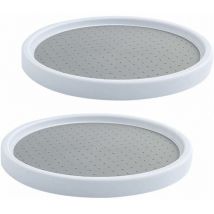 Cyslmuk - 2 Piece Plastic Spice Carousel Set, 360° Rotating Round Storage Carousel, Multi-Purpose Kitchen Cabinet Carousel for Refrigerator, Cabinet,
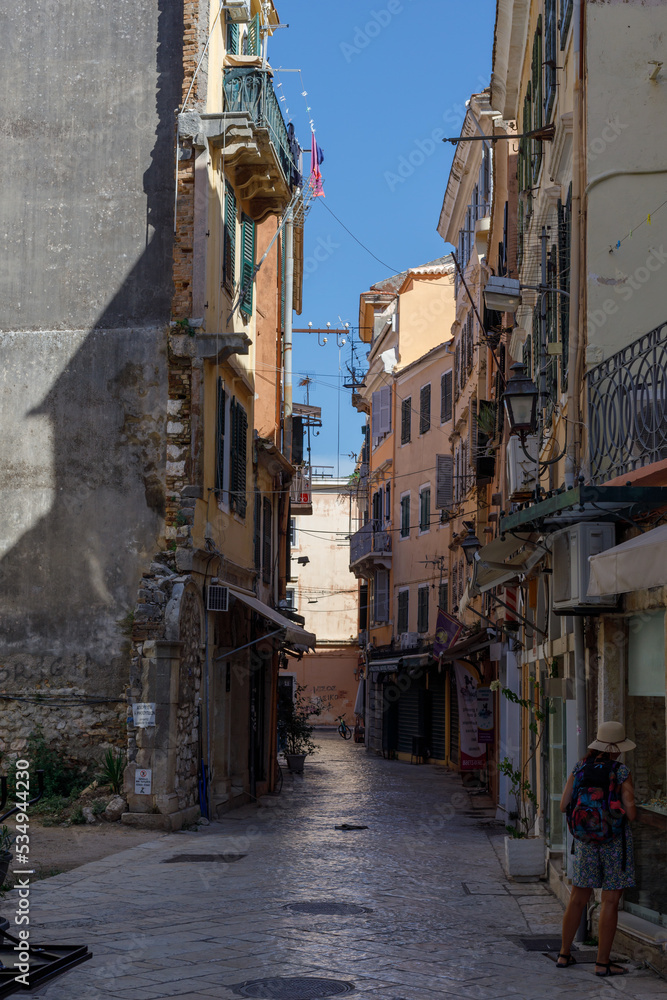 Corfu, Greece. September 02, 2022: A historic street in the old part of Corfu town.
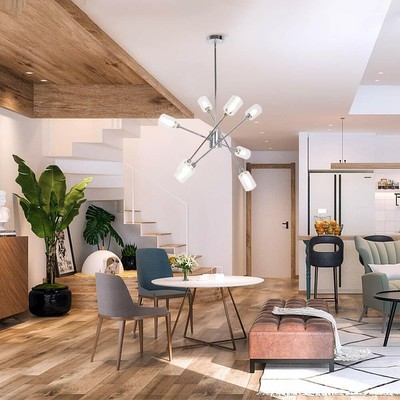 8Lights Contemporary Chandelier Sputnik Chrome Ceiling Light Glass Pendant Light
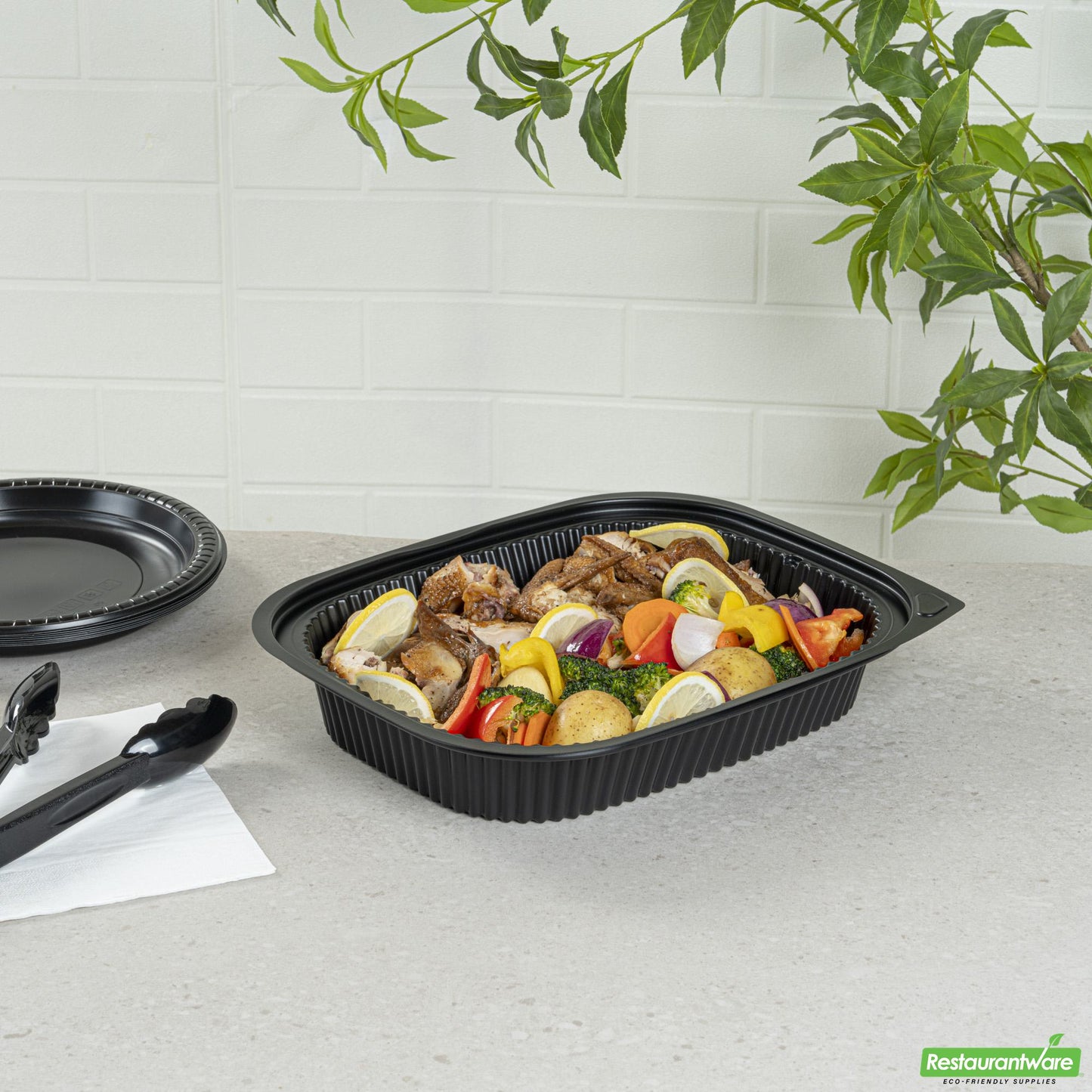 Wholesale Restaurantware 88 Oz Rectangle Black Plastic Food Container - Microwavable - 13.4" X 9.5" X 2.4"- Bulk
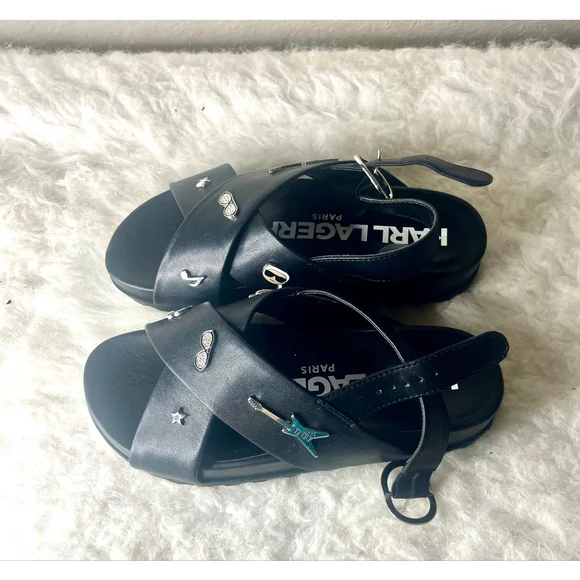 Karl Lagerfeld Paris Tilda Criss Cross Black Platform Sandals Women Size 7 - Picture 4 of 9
--
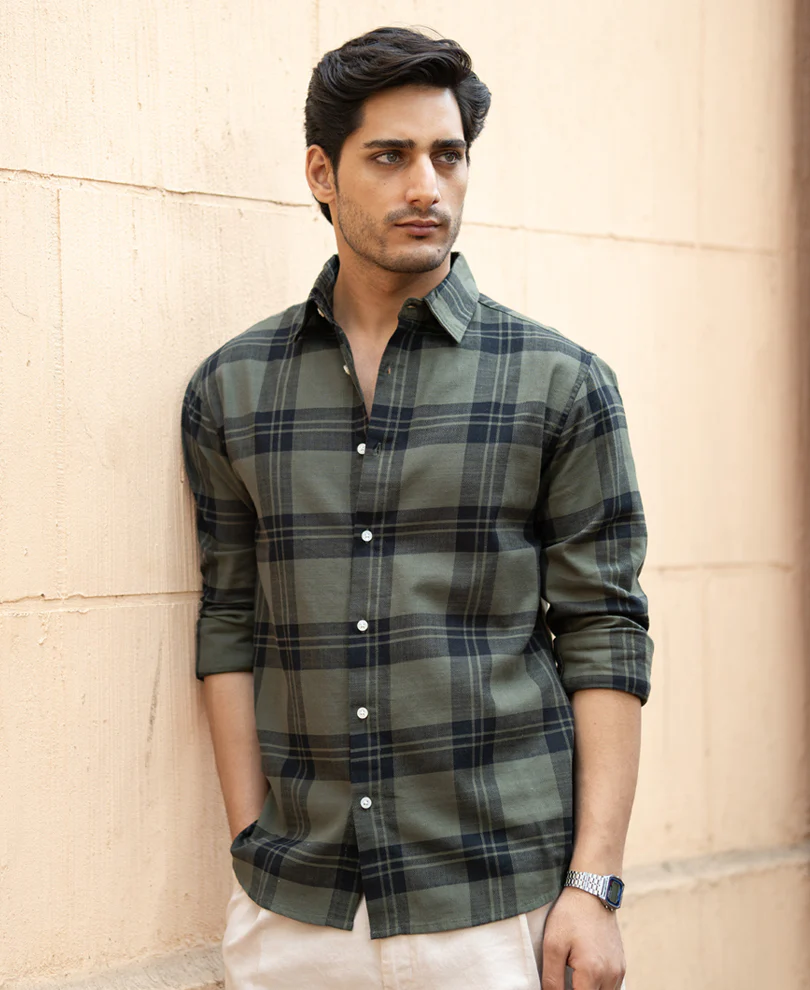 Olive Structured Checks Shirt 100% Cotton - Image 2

EXERCISE BRIEF:
Lines wanted from the entries above: the one with "Cyslmuk - 2", the one with "Karl Lagerfeld Paris", and all lines between. Please copy them exactly, without the pictures and without anything else.

SOLUTION TO THIS TASK:
 Cyslmuk - 2 Piece Plastic Spice Carousel Set, 360° Rotating Round Storage Carousel, Multi-Purpose Kitchen Cabinet Carousel for Refrigerator, Cabinet,
 Corfu, Greece. September 02, 2022: A historic street in the old part of Corfu town.
 8Lights Contemporary Chandelier Sputnik Chrome Ceiling Light Glass Pendant Light
 Wholesale Restaurantware 88 Oz Rectangle Black Plastic Food Container - Microwavable - 13.4" X 9.5" X 2.4"- Bulk
 Karl Lagerfeld Paris Tilda Criss Cross Black Platform Sandals Women Size 7 - Picture 4 of 9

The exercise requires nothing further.